La définition énoncée par Aristote dans sa
Poétique – postérieure d'un siècle à l'âge d'or de la tragédie grecque – a
laissé son empreinte chez la plupart des auteurs tragiques : « La tragédie est
l'imitation (mimêsis) d'une action de caractère élevé et complète, d'une
certaine étendue, dans un langage relevé d'assaisonnements d'une espèce particulière
suivant les diverses parties, imitation qui est faite par des personnages en
action et non au moyen d'un récit, et qui, suscitant pitié et crainte, opère la
purgation (catharsis) propre à pareilles émotions. »

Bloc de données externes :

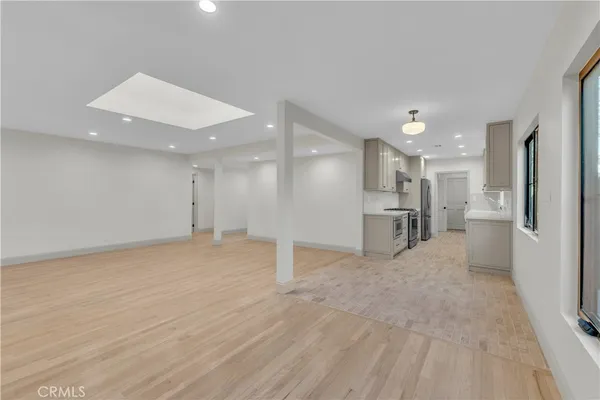 $10,000 | 4316 Bellaire Avenue, Studio City, CA 91604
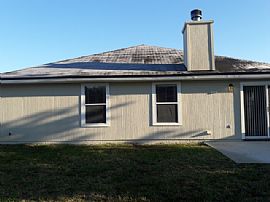Single Family Home in Middleburg, FL (Photo 4 of 4)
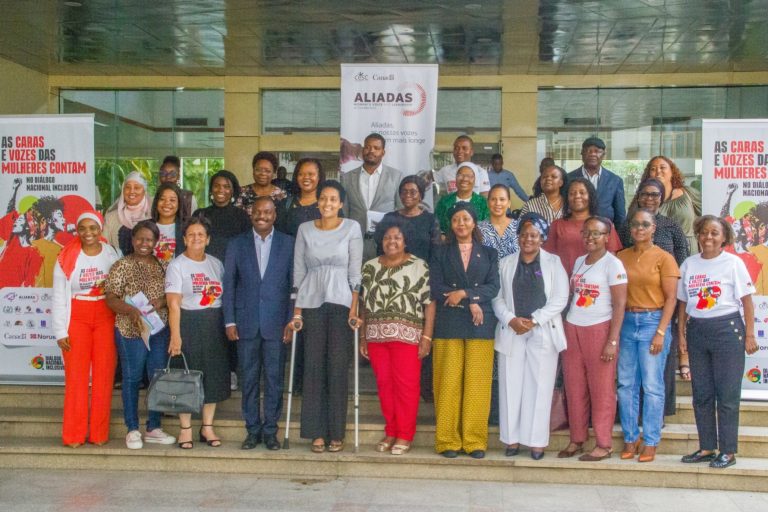 Foto Família: Entrega das Contribuições das Mulheres à Comissão Técnica do Diálogo Nacional Inclusivo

Aristote, réfléchissant sur la fiction, c'est-à-dire
sur la meilleure manière de raconter des histoires de bonheur et de malheur qui
ressemblent à celles que vivent les hommes, cherche à dégager des pièces de
Sophocle et d'Euripide les principes rationnels d'une œuvre réussie. Dès lors,
il fait de la tragédie le plus codifié de tous les genres littéraires. Ainsi, à
partir de la Renaissance, ces principes deviennent normatifs : les œuvres de
l'Antiquité étant devenues les critères absolus du beau, la Poétique d'Aristote
(complétée par quelques remarques d'Horace concernant le théâtre, dans son Art
poétique) est considérée comme un énoncé des règles dont il est interdit de
s'éloigner.
L'action consiste le plus souvent en un
conflit qui oppose l'homme à des principes moraux ou religieux supérieurs. Ce
conflit est l'occasion d'un dialogue entre l'homme et ce qui le dépasse, comme
avec lui-même. Parfois, le tragique se confond avec des dénouements sanglants
et des sacrifices mortels. Mais la tragédie dit aussi l'espoir de l'homme
debout, qui lance un défi à un monde difficile à déchiffrer ou à une injustice
divine, de l'homme qui se confronte aux lois de la cité et présume parfois de
ses forces. La conception du genre reste à peu près immuable pendant plus de
vingt siècles. Et si, au xviie s., les apports des dramaturges français ont
modifié radicalement l'esthétique de la tragédie, cela n'a pas empêché les
auteurs de se référer sans cesse aux mêmes éléments techniques qui constituent
le genre, ni de considérer que la formule admettait des variations qui, précisément,
ne la remettaient pas en cause.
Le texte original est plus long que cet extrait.